Problem Statement: Given a number, check whether it is prime or not. A prime number is a natural number that is only divisible by 1 and by itself.
Examples 1 2 3 5 7 11 13 17 19 …
Examples:
Example 1: Input: N = 3 Output: Prime Explanation: 3 is a prime number Example 2: Input: N = 26 Output: Non-Prime Explanation: 26 is not prime
Solution
Disclaimer: Don’t jump directly to the solution, try it out yourself first.
Solution 1: Using Iterative solution
Approach:
A prime number is a natural number that is only divisible by 1 and by itself. Examples 1 2 3 5 7 11 13 17 19 …
Running a for loop for checking if the number is divisible by a number from 2 to a number less than a given number.

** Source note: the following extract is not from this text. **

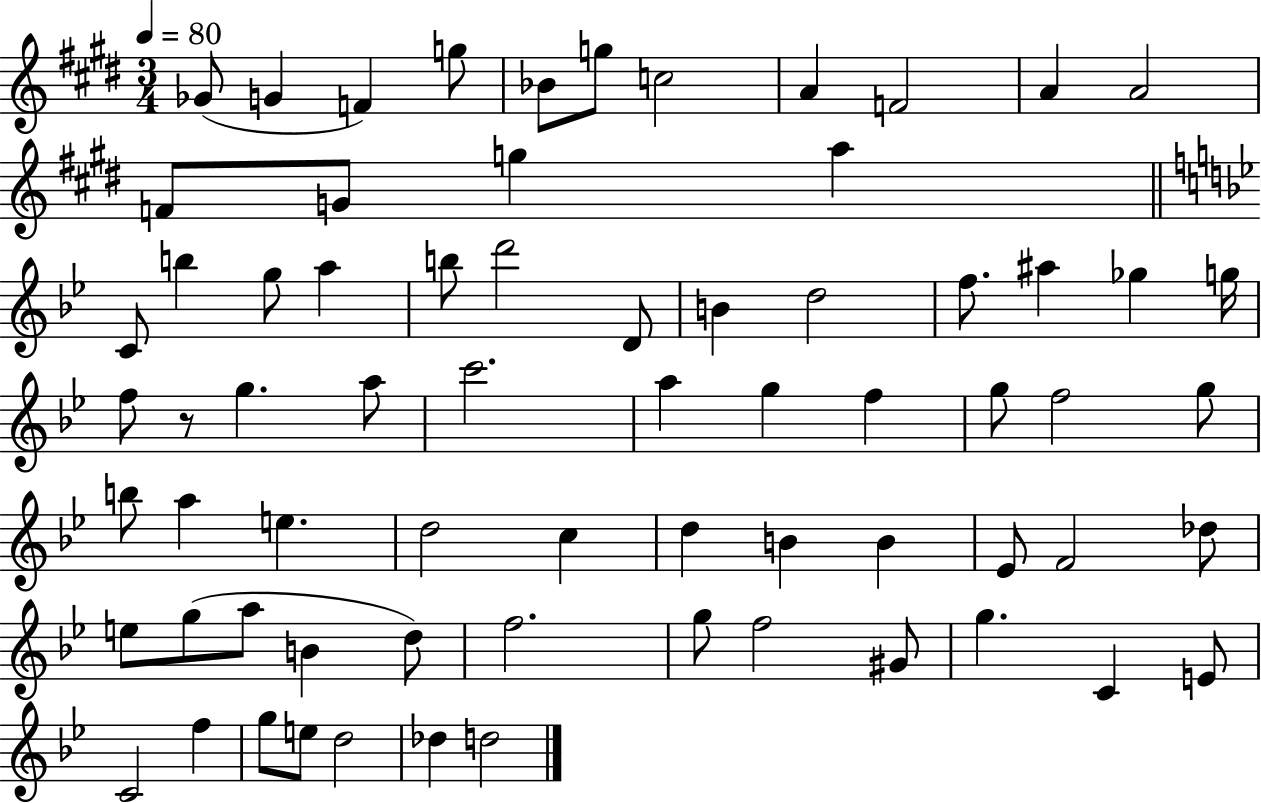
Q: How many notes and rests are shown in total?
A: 69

And then checking if the number is divisible by the numbers from 2 to the number less than a given number
Then, If the remainder is zero, that means it is divisible and hence not a prime number.

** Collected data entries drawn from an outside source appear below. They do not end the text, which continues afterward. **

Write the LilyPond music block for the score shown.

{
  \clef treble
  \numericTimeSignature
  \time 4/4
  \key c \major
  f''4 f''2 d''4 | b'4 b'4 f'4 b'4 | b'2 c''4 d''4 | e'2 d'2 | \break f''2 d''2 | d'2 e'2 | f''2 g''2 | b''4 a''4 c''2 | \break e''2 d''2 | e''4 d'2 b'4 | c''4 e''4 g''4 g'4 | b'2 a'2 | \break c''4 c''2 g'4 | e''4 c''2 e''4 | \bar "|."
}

If the loop runs till square root and none of the numbers divided it completely. So it is the Prime number.
Code:
C++ Code
#include<bits/stdc++.h>
using namespace std;
bool isPrime(int N) {
for (int i = 2; i < N; i++) {
if (N % i == 0) {
return false;
}
}
return true;
}
int main() {
int n = 11;
bool ans = isPrime(n);
if (n != 1 && ans == true) {
cout << "Prime Number";
} else {
cout << "Non Prime Number";
}
return 0;
}
Output: Prime Number
Time Complexity: O(n)
Space Complexity: O(1)
Java Code
class Solution {
public static boolean isPrime(int N) {
for (int i = 2; i < N; i++) {
if (N % i == 0) {
return false;
}
}
return true;
}
public static void main(String args[]) {
int n = 20;
boolean ans = (isPrime(n));
if (n != 1 && ans == true) {
System.out.println("Prime Number");
} else {
System.out.println("Non-Prime Number");
}
}
}
Output: Non-Prime Number
Time Complexity: O(n)
Space Complexity: O(1)
Python Code
def isPrime(n):
for i in range(2, n):
if n % i == 0:
return False
return True
if __name__ == "__main__":
n = 11
ans = isPrime(n)
if n != 1 and ans == True:
print("Prime Number")
else:
print("Non Prime Number")
Output: Non-Prime Number
Time Complexity: O(n)
Space Complexity: O(1)
Solution 2: Optimized Approach
Approach: Running the for loop till the square root of the number
A prime number is a natural number that is only divisible by 1 and by itself. Examples 1 2 3 5 7 11 13 17 19 …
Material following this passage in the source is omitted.